### YOUR TASK
Look through the entries below for the line with "Merry Christmas. A" and the line with "Nuvo Lighting Glamour", then give again exactly those two lines and all lines between them, minus the pictures.

### DATA FOR THE TASK
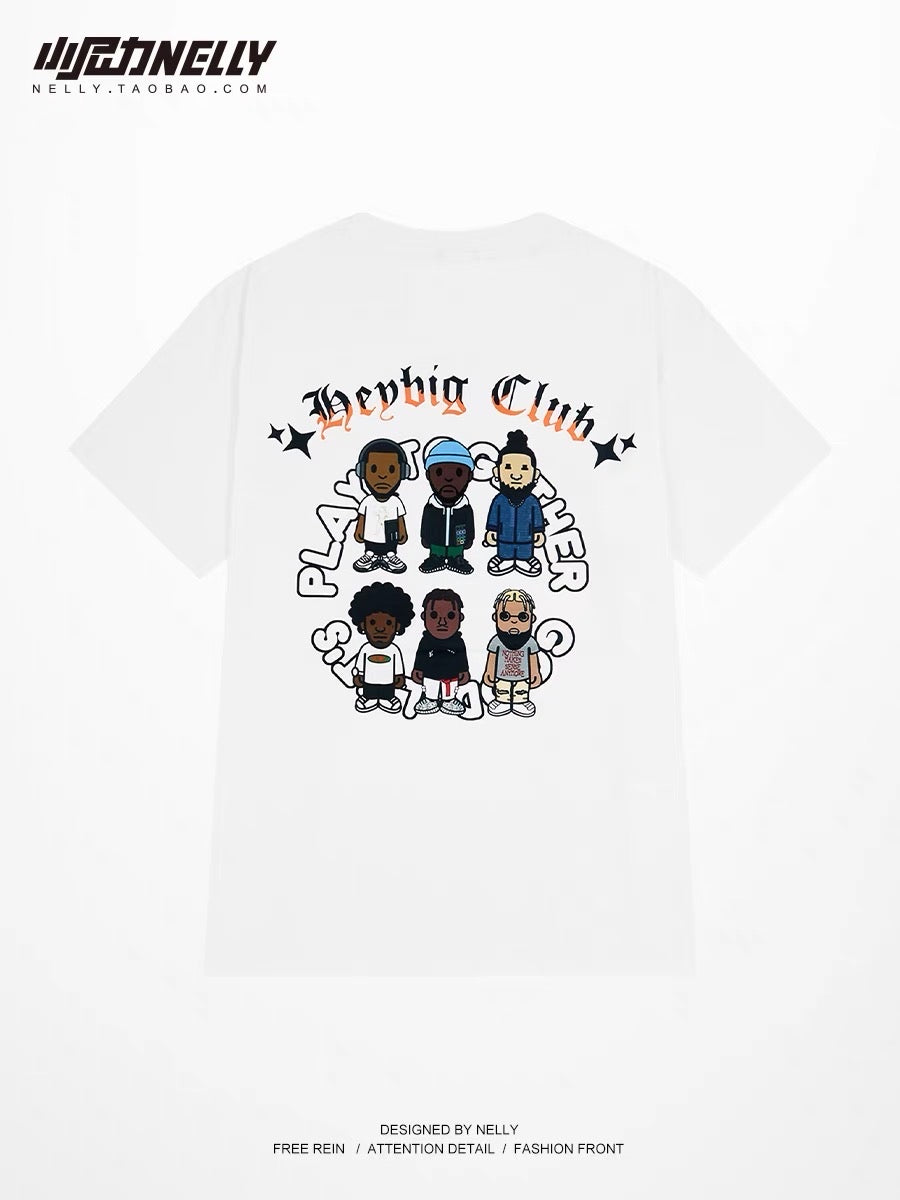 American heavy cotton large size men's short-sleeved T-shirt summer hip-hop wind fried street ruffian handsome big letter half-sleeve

--

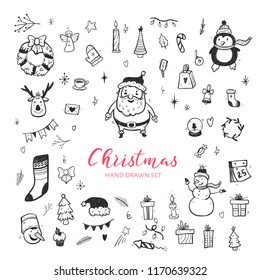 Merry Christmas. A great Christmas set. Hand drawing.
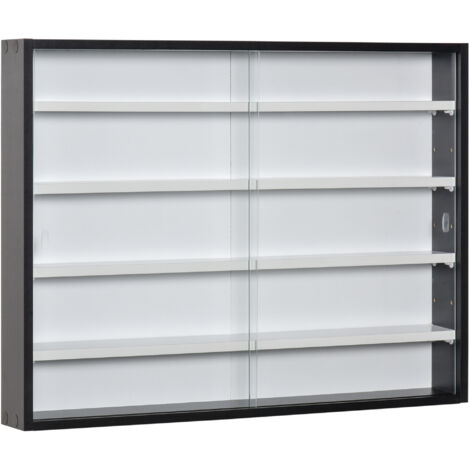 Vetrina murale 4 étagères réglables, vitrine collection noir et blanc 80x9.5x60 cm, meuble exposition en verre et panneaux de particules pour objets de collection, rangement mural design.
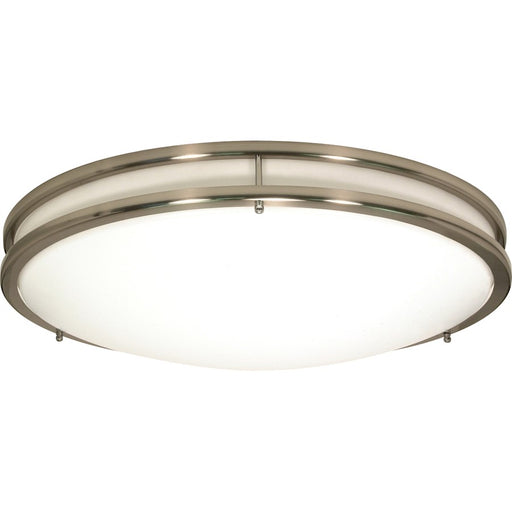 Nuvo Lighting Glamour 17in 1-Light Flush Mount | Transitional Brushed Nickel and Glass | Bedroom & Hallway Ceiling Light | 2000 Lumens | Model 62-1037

---

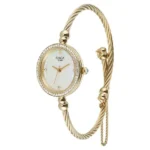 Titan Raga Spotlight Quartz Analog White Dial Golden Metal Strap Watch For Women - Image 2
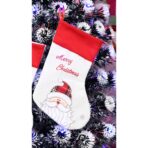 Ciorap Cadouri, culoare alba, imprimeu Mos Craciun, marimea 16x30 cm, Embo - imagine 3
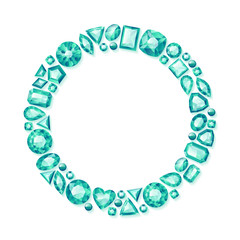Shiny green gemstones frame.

### EXERCISE RESULT
 Merry Christmas. A great Christmas set. Hand drawing.
 Vetrina murale 4 étagères réglables, vitrine collection noir et blanc 80x9.5x60 cm, meuble exposition en verre et panneaux de particules pour objets de collection, rangement mural design.
 Nuvo Lighting Glamour 17in 1-Light Flush Mount | Transitional Brushed Nickel and Glass | Bedroom & Hallway Ceiling Light | 2000 Lumens | Model 62-1037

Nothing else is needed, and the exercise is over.